Let’s see how it looks like:

plt.title('Terrain gradient on the route', size=20)
plt.xlabel('Data point', size=14)
plt.ylabel('Gradient (%)', size=14)
plt.plot(np.arange(len(gradients)), gradients, lw=2, color='#101010');
Image 4 - Estimated average route gradient v2 (image by author)

Image 4 - Estimated average route gradient v2 (image by author)

It’s a step in the right direction, but we now have a couple of missing data points. The thing is - there’s a stupidly simple fix.

How to Interpolate Incorrect Gradients From a Strava Route

First things first, we’ll assign the calculated gradients to a new dataset column:

route_df['gradient'] = gradients
route_df.head()
Image 5 - Route dataset with gradient info (image by author)

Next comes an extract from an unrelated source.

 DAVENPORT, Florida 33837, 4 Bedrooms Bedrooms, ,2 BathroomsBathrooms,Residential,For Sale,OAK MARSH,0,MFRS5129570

Image 5 - Route dataset with gradient info (image by author)

Let’s see where the missing values are:

route_df[route_df['gradient'].isna()]
Image 6 - All missing gradient values in the dataset (image by author)

Image 6 - All missing gradient values in the dataset (image by author)

We can ignore the first one, as it’s missing for a whole different reason. We’ll have to handle the other two. To get the idea of the approach, let’s isolate the second one with the surrounding couple of rows:

route_df[401:406]
Image 7 - Data points surrounding the missing gradient value (image by author)

Image 7 - Data points surrounding the missing gradient value (image by author)

We’ll impute the missing values with interpolation. It will replace the missing value with the average of the data point before and after it. For example, the missing gradient before the missing value was 0, and after it was -5.9. The interpolated gradient will be -2,95, as (0 + (-5.9)) / 2 = -2.95:

route_df[401:406].interpolate()
Image 8 - Interpolated gradient for a single data point (image by author)

Image 8 - Interpolated gradient for a single data point (image by author)

Use the snippet below to apply interpolation to the entire dataset and fill the missing value at the first row with a zero:

route_df['gradient'] = route_df['gradient'].interpolate().fillna(0)

route_df.head()
Image 9 - Dataset with interpolated gradient column

Image 9 - Dataset with interpolated gradient column

Finally, we’ll visualize the gradient to see if the line is connected this time:

plt.title('Terrain gradient on the route', size=20)
plt.xlabel('Data point', size=14)
plt.ylabel('Gradient (%)', size=14)
plt.plot(np.arange(len(route_df)), route_df['gradient'], lw=2, color='#101010');
Image 10 - Estimated average route gradient v3 (image by author)

Image 10 - Estimated average route gradient v3 (image by author)

Everything looks good now, which means we’re ready to further analyze the gradient. We’ll leave that for the upcoming article, but for now please save the dataset to a CSV file:

route_df.to_csv('../data/route_df_gradient.csv', index=False)

That’s all I wanted to cover today. Let’s wrap things up next.


Conclusion

And there you have it - how to calculate and visualize gradients of a Strava route GPX file. You have to admit - it’s easier than it sounds. Everything boils to elementary school math anyone can follow. The following article will complicate things slightly, as we’ll shift our focus to gradient profiles. Put simply, we want to know the distance cycled across different gradient ranges, but don’t worry about it just yet.